你为自己混乱的思维找理由开脱,说真正的叙述者是“记忆”,它自有一套规则。其实你的记忆本身也模棱两可,真相被谎言和编造掩盖,无论是个人历史的叙述,还是骗保计划的实施过程,你始终没有一个一以贯之的核心,总被临时想到的细枝末节吸引了注意,但这更使我们看见了真实的你。


当保险员对警方说你不正常,经常给自己写信时,我们才注意到你自称擅长的25种手写体,在别人看来就只有唯一一种。这也是你,赫尔曼自我的最终本质——你自以为所是的诗人、艺术家、模特、摄影师、一流小说创作者、好丈夫、好职员、好雇主,其实都不是你本人,在这些形形色色的反射之中,唯有自己的本质你看不见。


  艺术与真实:互不相容的两个世界  


在《绝望》一书的前言里,纳博科夫这样评价他笔下的赫尔曼:“如果说赫尔曼和亨伯特(《洛丽塔》的男主角)相像的话,那只是说同一个艺术家在不同时期画的两条恶龙相像而已。两人都是神经官能有问题的恶棍,但在天堂里有一条绿色通道,亨伯特得以每年一次在薄暮时分在那儿漫步,而地狱却永远不会假释赫尔曼。”


通过与亨伯特的对比,作者将赫尔曼视作一个纯粹的恶棍,由此告诉读者:在阅读作品时,应当尊重文本自身的完整性和封闭性。相反,那些妄图从纳氏的作品中窥见主流政见、刺探作者本人种种癖好的、或功利或窥私的读者,恐怕要失望了。
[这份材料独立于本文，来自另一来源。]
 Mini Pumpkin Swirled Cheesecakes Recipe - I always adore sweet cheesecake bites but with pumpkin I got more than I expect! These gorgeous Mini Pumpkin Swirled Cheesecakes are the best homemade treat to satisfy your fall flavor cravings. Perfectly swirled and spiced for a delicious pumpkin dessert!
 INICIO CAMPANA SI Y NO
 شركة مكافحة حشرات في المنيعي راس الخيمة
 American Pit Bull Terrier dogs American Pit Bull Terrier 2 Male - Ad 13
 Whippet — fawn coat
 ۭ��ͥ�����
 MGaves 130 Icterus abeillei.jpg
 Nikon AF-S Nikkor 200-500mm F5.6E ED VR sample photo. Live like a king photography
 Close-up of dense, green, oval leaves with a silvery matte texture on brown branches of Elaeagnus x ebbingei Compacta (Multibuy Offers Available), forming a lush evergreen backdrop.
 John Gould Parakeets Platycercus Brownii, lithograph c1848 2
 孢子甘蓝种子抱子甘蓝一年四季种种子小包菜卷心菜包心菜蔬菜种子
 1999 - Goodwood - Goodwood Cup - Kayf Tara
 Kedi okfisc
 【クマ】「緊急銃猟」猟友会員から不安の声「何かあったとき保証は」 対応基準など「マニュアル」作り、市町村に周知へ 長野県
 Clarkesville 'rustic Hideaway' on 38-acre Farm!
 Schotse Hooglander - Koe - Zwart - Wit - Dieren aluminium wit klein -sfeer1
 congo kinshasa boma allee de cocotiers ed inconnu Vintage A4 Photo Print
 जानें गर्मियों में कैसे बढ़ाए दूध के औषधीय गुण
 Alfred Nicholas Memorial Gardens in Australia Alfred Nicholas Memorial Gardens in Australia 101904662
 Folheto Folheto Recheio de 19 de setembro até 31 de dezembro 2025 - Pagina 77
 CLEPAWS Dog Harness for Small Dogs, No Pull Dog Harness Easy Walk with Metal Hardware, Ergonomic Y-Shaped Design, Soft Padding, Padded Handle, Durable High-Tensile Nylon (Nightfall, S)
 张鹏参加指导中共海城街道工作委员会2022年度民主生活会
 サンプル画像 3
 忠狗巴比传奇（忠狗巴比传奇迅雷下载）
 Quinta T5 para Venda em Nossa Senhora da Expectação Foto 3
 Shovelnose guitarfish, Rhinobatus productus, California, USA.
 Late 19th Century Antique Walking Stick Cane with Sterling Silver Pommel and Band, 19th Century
赫尔曼的骗保计划始于相似性的狂喜,终于艺术不被世人认可的绝望。那么,为何赫尔曼的计划最终破产?仅仅是因为他无法清楚认知自我么?换言之,若菲利克斯真的与赫尔曼长相相似,他的计划是否就会成功?


答案是否定的。赫尔曼野心受挫的最大原因并非他对自我认知的模糊,而在于他混淆了艺术与真实:他试图把对艺术的创造移植到真实世界之上,最终结果是艺术和真实尽毁。


皮弗通过分析纳博科夫的长篇小说《王,后,杰克》,得出了成为真正艺术家的三个必备条件:其一,意识独立于物质世界流动;其二,明辨力与洞察力;其三,必须不断克服感受力退化为抽象惯性的过程。



就这三点而言,自诩为艺术家的赫尔曼,是与艺术家特质截然相悖的庸人。


首先,如果说艺术家是在物质世界的基础上另建一个意识的艺术世界,那么赫尔曼只有一个纯属妄想的想象世界,这是疯子与艺术家的最主要区别。其次,既然赫尔曼看不见现实,那么他自然既不明辨、也没有洞察力,他表现出对一切细节的模棱两可、对潜意识所提出的警告不断自我怀疑又自我开解。最后,当计划破产,不具备艺术感受力的赫尔曼唯一能平复自己的方式就是向自己宣告:艺术的伟大设想不容动摇。


在艺术世界里,艺术家就是国王,他是独裁者,他能决定事件的走向与人物的存亡。但在真实世界里,每个人都是平等的,没有任何个人能擅自决定、剥夺他人的自由。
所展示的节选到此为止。